Problem B
Expeditious Cubing
Picture by Keqs on Wikimedia Commons, cc-by sa
Claire is competing in the most popular competition: speedsolving the $3\times 3\times 3$ Rubik’s cube, pictured on the right. Each contestant needs to solve the cube five times, each time with a different random scramble. After all solves are completed, the best and the worst times are discarded and the final score is the average of the remaining three times. The contestant with the smallest final score wins.
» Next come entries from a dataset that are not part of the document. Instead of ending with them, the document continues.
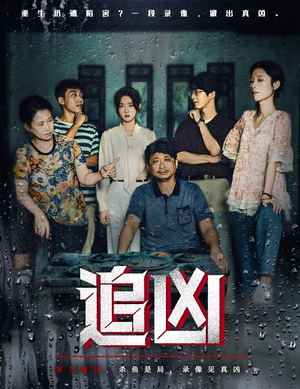 追凶(61集) 追凶(61集)热门短剧又来了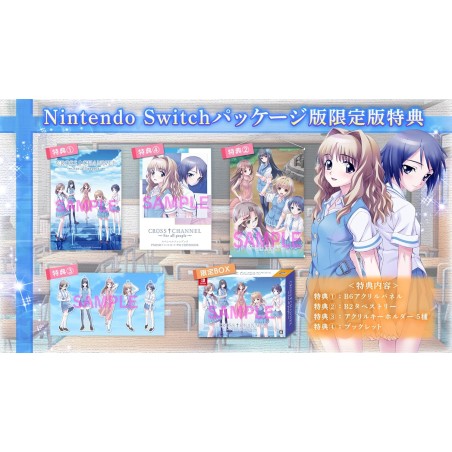 Cross Channel: For All people [Limited Edition] Switch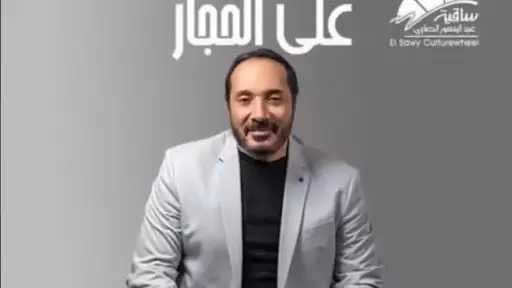 ساقية الصاوي تعلن الموعد الجديد لحفل علي الحجار بعد إلغائه بسبب الطقس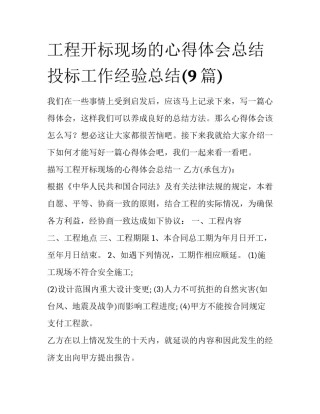 工程开标现场的心得体会总结 投标工作经验总结(9篇)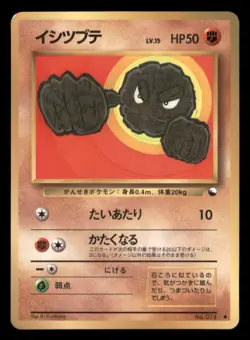 Heavy Play HP Geodude 1998 Vending Series Japanese Pokemon Glossy - Image 1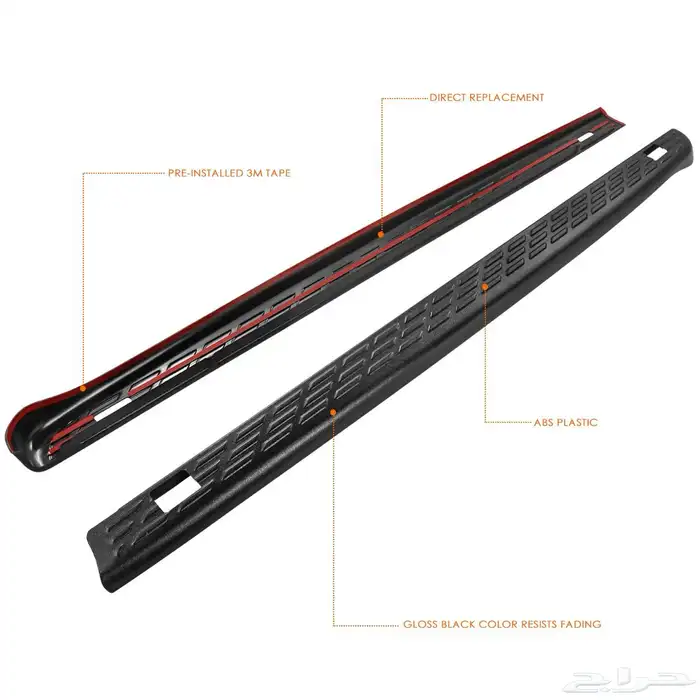 مساطر سييرا سلفرادوا مديل 2007 إلى 2013 حجم 1500 1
Claire has done well in the competition so far and is among the contenders for the overall victory. All the other contestants have already finished their five solves, but Claire has one solve remaining. By looking at the final scores of the other contestants, she has deduced her own target final score. As long as her final score is less than or equal to this target score, she will be declared the overall winner. Is it possible for her to win the competition, and if so, what is the worst time she can have on her last solve in order to do so?
Input
The input consists of:
-
One line with four real numbers $t_1$, $t_2$, $t_3$ and $t_4$, the times Claire got on her first four solves.
-
One line with a real number $t$, Claire’s target final score, the worst final score she can have in order to be declared the overall winner.
Each number is between $1$ and $20$, inclusive, and is given with exactly two decimal places.
Output
If it is not possible for Claire to win the event, output “impossible”. If she will win regardless of the time she gets on her last solve, output “infinite”. Otherwise, output the worst time she can have on her last solve in order to be declared the overall winner. Output the number to exactly two decimal places.
| Sample Input 1 | Sample Output 1 |
|---|---|
6.38 7.20 6.95 8.11 7.53 |
infinite |
| Sample Input 2 | Sample Output 2 |
|---|---|
6.38 7.20 6.95 8.11 6.99 |
6.82 |
| Sample Input 3 | Sample Output 3 |
|---|---|
6.38 7.20 6.95 8.11 6.45 |
impossible |